Continuing our series on the FTC’s Notice of Penalty Offenses Concerning Endorsements, this post considers the FTC’s statement that it is unlawful under Section 5 of the FTC Act “for an advertiser to continue to advertise an endorsement unless the advertiser has good reason to believe that the endorser continues to subscribe to the views presented in the endorsement.”
In support, the FTC cited Nat’l Dynamics Corp., 82 F.T.C. 488 (1973), an almost 40 year old case in which the FTC found that by publicizing undated testimonial letters written 5 to 10 years in the past, the advertiser “created the impression, contrary to fact, that they were recent statements of persons contemporaneously using [the advertiser’s product] and that the statements represented the contemporaneous opinions of the authors.” The FTC rejected the advertiser’s defense that it had no notice that the endorsers were no longer using the product and no longer endorsed it until relatively recently, finding that it was the advertiser’s “duty to ensure that the testimonials they publish reflect facts and opinions existent at the time of publication and circulation.” The FTC thus ordered the advertiser to cease and desist from using, publishing, or referring to any testimonial or endorsement unless it had “good reason to believe that at the time of such use, publication, or reference, the person or organization named subscribes to the facts and opinions therein contained.”
The language of the FTC’s recent notice mirrors that of the Endorsement Guides, which state that: “An advertiser may use an endorsement of an expert or celebrity only so long as it has good reason to believe that the endorser continues to subscribe to the views presented.” 16 C.F.R. § 255.1(b).

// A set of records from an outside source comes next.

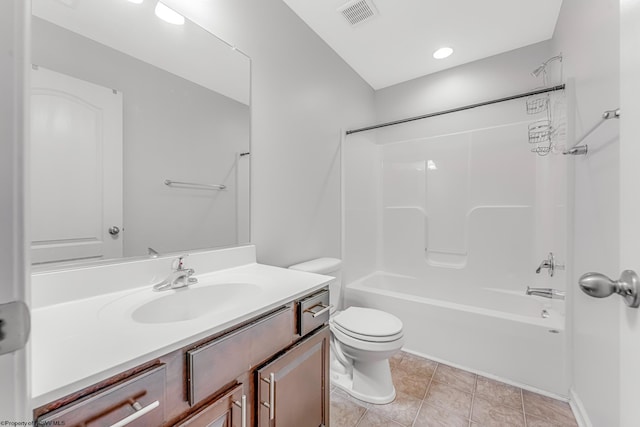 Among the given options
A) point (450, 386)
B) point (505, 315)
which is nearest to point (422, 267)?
point (505, 315)

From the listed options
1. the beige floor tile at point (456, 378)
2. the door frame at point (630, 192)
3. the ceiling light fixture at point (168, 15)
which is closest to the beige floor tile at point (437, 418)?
the beige floor tile at point (456, 378)

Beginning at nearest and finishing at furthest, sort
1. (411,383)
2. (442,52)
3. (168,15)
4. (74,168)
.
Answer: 1. (74,168)
2. (168,15)
3. (411,383)
4. (442,52)

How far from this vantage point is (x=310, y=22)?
1.93 m

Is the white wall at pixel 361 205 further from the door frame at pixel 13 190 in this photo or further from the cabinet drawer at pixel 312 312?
the door frame at pixel 13 190

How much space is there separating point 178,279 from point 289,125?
1163 millimetres

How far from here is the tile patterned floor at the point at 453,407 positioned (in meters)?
1.43

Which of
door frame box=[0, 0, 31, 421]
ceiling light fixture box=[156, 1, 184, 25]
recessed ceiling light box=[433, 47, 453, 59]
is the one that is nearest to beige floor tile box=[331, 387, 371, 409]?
door frame box=[0, 0, 31, 421]

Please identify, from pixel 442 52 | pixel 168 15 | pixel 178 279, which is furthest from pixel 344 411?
pixel 442 52

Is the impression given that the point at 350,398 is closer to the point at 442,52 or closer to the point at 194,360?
the point at 194,360

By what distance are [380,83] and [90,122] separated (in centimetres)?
258

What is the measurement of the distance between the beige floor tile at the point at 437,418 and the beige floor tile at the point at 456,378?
0.86 feet

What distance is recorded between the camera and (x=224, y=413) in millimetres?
766

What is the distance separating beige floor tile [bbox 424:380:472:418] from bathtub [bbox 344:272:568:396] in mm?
276

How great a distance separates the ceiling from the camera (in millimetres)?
1793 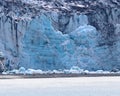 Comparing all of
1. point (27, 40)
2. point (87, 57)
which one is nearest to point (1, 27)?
point (27, 40)

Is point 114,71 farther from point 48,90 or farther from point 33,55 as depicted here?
point 48,90

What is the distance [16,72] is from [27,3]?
693 cm

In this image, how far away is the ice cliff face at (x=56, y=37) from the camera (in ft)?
149

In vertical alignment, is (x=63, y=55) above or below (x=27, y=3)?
below

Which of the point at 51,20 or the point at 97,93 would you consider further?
the point at 51,20

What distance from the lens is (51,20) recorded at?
1863 inches

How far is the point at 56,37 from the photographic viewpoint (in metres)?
46.5

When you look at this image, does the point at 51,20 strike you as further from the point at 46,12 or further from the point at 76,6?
the point at 76,6

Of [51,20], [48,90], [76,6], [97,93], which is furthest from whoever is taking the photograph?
[76,6]

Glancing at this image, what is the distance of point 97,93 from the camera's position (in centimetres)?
3056

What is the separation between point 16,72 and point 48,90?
11836mm

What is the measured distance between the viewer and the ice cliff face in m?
45.4

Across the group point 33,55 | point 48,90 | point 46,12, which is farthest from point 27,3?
point 48,90

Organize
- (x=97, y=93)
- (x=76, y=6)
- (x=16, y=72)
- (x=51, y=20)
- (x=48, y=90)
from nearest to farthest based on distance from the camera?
(x=97, y=93) < (x=48, y=90) < (x=16, y=72) < (x=51, y=20) < (x=76, y=6) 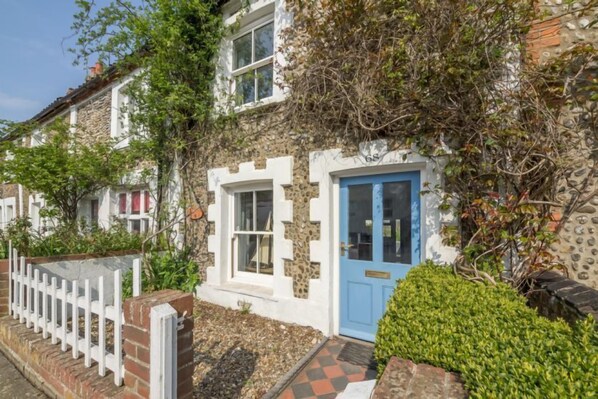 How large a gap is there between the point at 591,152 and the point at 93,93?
1071 cm

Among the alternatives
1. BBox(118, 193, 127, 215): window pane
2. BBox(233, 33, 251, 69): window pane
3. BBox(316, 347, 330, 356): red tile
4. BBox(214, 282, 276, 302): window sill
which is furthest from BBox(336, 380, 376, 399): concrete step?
BBox(118, 193, 127, 215): window pane

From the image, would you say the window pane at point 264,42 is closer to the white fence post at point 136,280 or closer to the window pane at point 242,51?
the window pane at point 242,51

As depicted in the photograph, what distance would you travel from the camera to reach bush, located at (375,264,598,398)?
4.46 feet

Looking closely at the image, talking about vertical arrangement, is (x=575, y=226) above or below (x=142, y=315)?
above

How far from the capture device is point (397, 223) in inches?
160

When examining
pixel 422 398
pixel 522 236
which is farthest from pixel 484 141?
pixel 422 398

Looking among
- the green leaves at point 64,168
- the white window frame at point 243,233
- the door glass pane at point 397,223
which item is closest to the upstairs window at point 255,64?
the white window frame at point 243,233

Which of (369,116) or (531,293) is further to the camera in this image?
(369,116)

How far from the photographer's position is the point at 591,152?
3.23m

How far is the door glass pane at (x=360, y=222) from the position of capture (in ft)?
14.0

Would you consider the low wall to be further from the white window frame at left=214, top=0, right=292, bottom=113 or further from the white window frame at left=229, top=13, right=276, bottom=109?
the white window frame at left=229, top=13, right=276, bottom=109

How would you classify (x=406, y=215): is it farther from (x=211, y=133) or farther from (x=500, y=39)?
(x=211, y=133)

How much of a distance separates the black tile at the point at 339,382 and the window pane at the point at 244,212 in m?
2.94

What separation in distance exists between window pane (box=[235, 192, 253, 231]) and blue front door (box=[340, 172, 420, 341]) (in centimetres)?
189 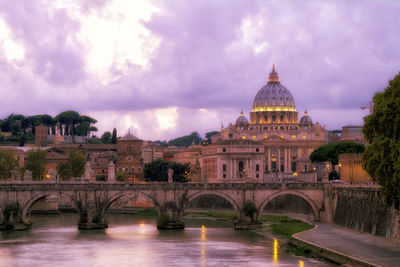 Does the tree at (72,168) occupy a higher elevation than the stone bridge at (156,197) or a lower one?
higher

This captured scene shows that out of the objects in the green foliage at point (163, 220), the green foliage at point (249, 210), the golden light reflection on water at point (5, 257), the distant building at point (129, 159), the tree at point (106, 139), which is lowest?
the golden light reflection on water at point (5, 257)

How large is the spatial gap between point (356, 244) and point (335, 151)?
75315mm

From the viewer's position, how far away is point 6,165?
99938 mm

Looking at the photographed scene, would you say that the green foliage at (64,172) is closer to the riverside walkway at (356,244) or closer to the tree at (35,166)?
the tree at (35,166)

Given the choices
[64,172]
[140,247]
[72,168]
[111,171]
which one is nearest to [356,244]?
[140,247]

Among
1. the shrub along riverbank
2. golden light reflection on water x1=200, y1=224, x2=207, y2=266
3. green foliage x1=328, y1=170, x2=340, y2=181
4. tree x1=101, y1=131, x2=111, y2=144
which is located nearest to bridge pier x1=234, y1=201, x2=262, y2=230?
the shrub along riverbank

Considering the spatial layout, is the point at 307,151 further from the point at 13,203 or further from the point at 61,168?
the point at 13,203

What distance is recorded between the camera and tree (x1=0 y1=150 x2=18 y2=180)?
9806 cm

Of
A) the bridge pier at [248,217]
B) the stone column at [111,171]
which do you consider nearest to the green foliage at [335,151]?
the stone column at [111,171]

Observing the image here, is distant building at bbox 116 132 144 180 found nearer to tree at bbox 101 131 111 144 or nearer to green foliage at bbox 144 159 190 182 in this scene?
green foliage at bbox 144 159 190 182

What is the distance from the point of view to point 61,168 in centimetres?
10694

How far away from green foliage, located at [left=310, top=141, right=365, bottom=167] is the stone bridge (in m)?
46.2

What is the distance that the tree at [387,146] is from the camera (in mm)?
44844

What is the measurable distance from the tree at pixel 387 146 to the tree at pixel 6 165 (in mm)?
59833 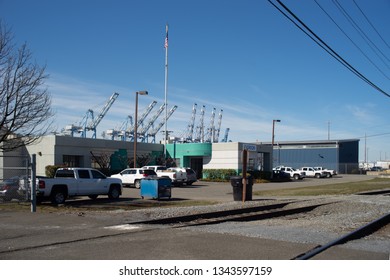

However, the notice appears to go a step further in applying this requiring to any endorsement, not just those by experts or celebrities.
The Endorsement Guides clarify that advertisers can satisfy this requirement by “securing the endorser’s views at reasonable intervals.” 16 C.F.R. § 255.1(b). Reasonableness in this context is determined by factors like:
- New information on the performance or effectiveness of the product,
- A material alteration in the product,
- Changes in the performance of competitors’ products, and
- The advertiser’s contract commitments.
Id. For example, if a building contractor states that he uses the advertiser’s paint because of its quick drying properties and durability, but the advertiser subsequently reformulates its paint, the advertiser must contact the contractor to determine whether he or she would continue to subscribe to the views presented previously before continuing to use that contractor’s endorsement. See 16 C.F.R. § 255.1, Example 1.
NAD has applied this principle to advertisers’ touting of ratings and reviews from independent third-party organizations. For example, in American Dental Supply, LLC (White Brilliance Tooth Whitening System), NAD Case #4183 (May 2004), Good Housekeeping Magazine challenged the advertiser’s use of the claim “Good Housekeeping Magazine – ‘Best Results Overall’”. Four years prior, in 2000, Good Housekeeping had in fact evaluated the advertiser’s product together with other tooth whitening products, and concluded that the advertiser’s product offered the “best results overall.” However, in bringing this challenge, Good Housekeeping made clear it no longer subscribed to its evaluation that was conducted back in 2000. Citing the Endorsement Guides and the fact that the marketplace of tooth whitening products had significantly changed since that time, and the use instructions on the product had also changed in the interim, NAD recommended the advertiser discontinue this claim attributed to Good Housekeeping.
Advertisers who use or reference endorsements and testimonials from individuals or third-party organizations, whether they are affiliated with the advertiser or independent, should periodically contact their endorsers to ensure they continue to subscribe to the advertised views. In particular, they should do so any time there is a material change in the advertised product or, where the endorsement concerns competitive products, where there is a change in those competitive products or the competitive market.